Yevgeny Klevtsov

Personal information
- Born: 28 March 1929 Oboyan, Russian SFSR, Soviet Union
- Died: 24 March 2003 (aged 73) Oboyan, Russia
- Height: 1.77 m (5 ft 10 in)
- Weight: 76 kg (168 lb)

Sport
- Sport: Cycling
- Club: VS Moscow

Medal record
Representing the Soviet Union
Olympic Games
| Bronze medal – third place | 1960 Rome | Team time trial |

= Yevgeny Klevtsov =

Russian cyclist (1929–2003)

Yevgeny Petrovich Klevtsov (Евгений Петрович Клевцов; 28 March 1929 - 24 March 2003) was a Russian cyclist. He competed in the individual and team road races at the 1952 Summer Olympics, but without much success.

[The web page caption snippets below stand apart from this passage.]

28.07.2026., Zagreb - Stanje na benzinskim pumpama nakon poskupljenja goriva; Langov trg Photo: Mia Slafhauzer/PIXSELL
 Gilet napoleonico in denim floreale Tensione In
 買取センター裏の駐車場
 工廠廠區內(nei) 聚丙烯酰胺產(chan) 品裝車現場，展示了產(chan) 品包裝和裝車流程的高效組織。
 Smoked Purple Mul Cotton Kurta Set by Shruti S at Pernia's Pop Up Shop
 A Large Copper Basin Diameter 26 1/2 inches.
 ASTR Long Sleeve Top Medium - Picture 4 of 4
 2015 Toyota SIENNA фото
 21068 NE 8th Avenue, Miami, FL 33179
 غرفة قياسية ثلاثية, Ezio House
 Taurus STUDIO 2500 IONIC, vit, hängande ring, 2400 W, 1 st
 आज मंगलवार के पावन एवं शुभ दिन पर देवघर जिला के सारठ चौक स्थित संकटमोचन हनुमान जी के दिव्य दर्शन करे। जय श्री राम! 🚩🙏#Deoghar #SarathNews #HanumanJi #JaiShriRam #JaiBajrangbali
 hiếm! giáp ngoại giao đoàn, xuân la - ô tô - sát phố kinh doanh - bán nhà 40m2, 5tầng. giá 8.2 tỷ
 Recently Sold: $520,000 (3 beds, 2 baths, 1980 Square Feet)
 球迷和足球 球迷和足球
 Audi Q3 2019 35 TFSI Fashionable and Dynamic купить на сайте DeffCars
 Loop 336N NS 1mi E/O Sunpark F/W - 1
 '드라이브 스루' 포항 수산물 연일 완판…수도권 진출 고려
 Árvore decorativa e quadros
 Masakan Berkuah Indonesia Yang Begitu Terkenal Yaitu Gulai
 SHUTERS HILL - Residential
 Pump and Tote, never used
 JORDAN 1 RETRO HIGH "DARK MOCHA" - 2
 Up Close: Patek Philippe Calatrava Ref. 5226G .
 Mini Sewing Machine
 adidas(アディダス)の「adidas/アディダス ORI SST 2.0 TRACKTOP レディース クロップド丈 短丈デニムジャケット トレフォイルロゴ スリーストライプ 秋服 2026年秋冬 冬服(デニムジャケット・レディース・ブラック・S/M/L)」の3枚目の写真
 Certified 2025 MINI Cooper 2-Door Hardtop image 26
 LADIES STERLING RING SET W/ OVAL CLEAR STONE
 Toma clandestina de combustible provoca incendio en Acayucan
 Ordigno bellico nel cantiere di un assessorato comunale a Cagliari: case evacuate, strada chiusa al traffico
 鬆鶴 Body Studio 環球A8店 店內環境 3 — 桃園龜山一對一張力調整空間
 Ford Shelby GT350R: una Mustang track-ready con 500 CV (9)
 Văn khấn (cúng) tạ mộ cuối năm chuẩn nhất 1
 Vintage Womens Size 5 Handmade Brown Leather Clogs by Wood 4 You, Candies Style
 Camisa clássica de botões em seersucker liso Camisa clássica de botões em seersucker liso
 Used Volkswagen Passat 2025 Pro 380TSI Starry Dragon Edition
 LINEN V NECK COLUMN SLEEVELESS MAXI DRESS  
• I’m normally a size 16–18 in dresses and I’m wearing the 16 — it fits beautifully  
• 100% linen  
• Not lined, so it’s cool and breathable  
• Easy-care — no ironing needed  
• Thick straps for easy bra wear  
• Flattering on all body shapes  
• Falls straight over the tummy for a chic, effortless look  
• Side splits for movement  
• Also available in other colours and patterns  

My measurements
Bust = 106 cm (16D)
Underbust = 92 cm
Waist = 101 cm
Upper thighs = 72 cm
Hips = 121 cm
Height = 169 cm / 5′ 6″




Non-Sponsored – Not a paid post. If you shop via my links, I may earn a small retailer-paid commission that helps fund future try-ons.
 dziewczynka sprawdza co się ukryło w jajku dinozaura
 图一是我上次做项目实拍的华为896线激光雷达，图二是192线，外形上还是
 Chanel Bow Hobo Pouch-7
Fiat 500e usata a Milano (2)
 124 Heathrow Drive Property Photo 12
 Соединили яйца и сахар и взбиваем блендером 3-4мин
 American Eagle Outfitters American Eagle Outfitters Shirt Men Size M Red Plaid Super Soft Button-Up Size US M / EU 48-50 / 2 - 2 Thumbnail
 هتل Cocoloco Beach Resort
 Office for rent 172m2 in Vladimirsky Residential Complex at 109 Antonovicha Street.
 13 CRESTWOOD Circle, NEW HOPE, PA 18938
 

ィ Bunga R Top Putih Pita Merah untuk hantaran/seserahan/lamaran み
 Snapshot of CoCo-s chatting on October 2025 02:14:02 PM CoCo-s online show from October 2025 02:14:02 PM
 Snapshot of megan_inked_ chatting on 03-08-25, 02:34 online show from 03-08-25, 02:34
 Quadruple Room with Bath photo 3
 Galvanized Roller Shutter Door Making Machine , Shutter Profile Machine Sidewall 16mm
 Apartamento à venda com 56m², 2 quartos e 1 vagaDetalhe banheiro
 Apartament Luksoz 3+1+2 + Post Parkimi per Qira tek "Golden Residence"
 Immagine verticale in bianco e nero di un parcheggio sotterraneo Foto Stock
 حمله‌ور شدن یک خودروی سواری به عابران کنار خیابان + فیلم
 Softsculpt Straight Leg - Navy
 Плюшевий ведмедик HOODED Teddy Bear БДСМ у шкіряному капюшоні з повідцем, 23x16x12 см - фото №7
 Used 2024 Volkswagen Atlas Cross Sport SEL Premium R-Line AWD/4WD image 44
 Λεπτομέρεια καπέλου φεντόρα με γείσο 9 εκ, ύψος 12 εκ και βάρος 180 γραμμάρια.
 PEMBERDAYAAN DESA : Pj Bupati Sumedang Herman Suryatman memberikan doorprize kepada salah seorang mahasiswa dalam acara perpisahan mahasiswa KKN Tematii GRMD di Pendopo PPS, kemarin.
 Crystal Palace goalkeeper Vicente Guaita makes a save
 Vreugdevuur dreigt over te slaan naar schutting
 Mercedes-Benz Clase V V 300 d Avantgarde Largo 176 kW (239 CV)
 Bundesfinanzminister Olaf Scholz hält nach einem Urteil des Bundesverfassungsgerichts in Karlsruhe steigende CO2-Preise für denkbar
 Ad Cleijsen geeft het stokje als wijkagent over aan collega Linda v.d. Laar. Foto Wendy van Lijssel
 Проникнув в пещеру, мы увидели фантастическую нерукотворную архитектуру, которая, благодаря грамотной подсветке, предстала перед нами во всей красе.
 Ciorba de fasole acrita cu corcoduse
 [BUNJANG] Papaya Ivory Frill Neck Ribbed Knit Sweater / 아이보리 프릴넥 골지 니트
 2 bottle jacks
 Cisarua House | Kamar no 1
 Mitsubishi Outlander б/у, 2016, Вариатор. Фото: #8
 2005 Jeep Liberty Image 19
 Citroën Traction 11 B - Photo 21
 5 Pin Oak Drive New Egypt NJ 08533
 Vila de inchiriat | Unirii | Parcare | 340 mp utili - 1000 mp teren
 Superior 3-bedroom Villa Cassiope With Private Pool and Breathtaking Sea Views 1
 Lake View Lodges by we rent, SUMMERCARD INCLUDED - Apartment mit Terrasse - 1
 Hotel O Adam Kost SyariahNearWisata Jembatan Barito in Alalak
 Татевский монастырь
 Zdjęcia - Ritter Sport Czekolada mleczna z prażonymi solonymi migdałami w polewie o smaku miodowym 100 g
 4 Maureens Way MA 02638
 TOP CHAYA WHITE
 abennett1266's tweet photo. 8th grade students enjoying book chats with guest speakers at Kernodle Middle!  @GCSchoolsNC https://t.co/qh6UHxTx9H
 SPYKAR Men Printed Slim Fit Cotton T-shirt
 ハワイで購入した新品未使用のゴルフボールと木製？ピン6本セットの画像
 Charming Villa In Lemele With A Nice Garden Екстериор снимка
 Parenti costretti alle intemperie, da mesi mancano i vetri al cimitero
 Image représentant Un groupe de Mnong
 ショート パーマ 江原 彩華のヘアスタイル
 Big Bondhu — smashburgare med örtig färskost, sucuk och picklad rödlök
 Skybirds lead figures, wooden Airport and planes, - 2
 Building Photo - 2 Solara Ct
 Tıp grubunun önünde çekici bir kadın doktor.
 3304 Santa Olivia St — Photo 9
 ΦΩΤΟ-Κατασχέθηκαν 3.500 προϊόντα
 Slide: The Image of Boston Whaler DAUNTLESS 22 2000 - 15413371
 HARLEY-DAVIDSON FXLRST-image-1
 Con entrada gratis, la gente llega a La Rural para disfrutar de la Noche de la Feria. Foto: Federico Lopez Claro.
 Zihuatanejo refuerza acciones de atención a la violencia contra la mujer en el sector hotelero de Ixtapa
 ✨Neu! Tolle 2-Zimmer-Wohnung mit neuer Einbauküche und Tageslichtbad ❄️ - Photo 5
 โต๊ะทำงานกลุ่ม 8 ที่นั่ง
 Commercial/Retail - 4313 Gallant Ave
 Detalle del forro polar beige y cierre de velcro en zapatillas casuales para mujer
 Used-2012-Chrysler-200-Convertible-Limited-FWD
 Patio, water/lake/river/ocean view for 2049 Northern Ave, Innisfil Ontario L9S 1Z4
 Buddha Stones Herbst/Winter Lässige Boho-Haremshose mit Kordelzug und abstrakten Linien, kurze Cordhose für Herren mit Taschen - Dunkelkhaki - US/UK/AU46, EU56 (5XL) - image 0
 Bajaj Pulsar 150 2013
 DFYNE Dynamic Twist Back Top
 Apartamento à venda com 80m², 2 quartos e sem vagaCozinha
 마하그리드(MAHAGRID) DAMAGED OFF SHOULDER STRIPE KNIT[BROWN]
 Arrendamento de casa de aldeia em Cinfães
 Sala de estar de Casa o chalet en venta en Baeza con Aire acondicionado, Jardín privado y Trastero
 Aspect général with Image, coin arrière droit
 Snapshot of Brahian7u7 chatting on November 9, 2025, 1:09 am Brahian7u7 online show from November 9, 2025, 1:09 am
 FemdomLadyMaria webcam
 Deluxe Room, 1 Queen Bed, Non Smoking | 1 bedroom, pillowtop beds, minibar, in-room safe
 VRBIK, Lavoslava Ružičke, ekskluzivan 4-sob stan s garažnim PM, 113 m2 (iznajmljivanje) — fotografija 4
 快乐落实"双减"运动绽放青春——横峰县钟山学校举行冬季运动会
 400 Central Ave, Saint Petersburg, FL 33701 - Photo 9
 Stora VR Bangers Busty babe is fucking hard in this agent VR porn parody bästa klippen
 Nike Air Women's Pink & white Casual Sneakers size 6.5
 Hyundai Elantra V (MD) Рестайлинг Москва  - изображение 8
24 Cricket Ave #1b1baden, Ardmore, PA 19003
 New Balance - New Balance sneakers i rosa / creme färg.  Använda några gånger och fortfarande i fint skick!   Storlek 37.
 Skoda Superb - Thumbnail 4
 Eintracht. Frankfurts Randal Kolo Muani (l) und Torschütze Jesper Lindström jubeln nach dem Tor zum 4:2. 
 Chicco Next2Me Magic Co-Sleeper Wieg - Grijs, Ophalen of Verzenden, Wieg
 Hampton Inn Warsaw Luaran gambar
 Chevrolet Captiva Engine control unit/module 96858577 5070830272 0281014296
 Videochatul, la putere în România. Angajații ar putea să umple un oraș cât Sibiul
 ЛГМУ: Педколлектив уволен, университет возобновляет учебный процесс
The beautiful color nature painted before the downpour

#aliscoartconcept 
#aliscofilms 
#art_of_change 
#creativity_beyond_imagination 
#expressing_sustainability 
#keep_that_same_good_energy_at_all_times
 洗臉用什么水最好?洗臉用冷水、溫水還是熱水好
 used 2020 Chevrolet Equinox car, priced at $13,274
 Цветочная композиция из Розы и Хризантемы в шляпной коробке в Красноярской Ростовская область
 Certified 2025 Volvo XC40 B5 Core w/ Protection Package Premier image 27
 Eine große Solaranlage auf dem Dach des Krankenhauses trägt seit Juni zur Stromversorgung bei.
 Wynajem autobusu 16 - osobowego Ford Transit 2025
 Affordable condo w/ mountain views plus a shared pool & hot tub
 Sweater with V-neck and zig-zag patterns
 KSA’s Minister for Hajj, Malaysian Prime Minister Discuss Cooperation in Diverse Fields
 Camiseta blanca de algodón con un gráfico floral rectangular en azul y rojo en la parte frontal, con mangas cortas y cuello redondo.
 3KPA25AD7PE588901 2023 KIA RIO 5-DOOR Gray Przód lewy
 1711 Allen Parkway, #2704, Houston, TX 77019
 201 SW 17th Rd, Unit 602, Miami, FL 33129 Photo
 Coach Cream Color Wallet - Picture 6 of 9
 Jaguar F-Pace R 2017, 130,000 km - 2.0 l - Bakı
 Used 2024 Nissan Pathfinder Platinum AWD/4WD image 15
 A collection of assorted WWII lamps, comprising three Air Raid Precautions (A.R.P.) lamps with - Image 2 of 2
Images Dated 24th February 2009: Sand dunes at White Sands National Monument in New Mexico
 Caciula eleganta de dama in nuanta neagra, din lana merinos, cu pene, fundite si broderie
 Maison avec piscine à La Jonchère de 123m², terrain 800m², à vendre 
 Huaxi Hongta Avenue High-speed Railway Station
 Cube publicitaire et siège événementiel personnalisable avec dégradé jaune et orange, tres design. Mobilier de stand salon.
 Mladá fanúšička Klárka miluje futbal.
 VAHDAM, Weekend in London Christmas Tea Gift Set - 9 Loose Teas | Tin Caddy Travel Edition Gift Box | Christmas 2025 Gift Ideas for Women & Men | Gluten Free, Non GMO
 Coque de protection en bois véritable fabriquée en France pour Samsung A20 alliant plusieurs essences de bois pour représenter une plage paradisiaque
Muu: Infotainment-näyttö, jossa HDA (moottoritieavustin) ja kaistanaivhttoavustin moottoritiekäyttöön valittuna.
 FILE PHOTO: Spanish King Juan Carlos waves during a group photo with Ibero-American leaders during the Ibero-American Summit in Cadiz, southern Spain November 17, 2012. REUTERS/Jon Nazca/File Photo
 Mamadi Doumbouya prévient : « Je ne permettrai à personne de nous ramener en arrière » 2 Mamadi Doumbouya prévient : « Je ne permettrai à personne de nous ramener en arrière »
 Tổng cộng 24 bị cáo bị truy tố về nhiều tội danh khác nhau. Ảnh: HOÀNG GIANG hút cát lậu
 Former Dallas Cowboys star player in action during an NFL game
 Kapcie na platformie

He was selected for the next Olympics, but reportedly refused to go because he would not stand the long trip by sea to Melbourne, Australia. At the next Olympics, he won a bronze medal in the 100 km team time trial. Both in 1952 and 1960 he was the team captain and during the races did his best to "pull" his team mates. In 1952 his efforts were discarded by a crash that involved two riders of his team.

Between 1956 and 1958, he was a leading Soviet rider at the Peace Race, finishing within the top three places in eight stages and winning two stages. He retired shortly after the 1960 Games and worked as bicycle technician at CSKA Moscow. In 2008, an annual road race competition has been established in his native Oboyan in his honor.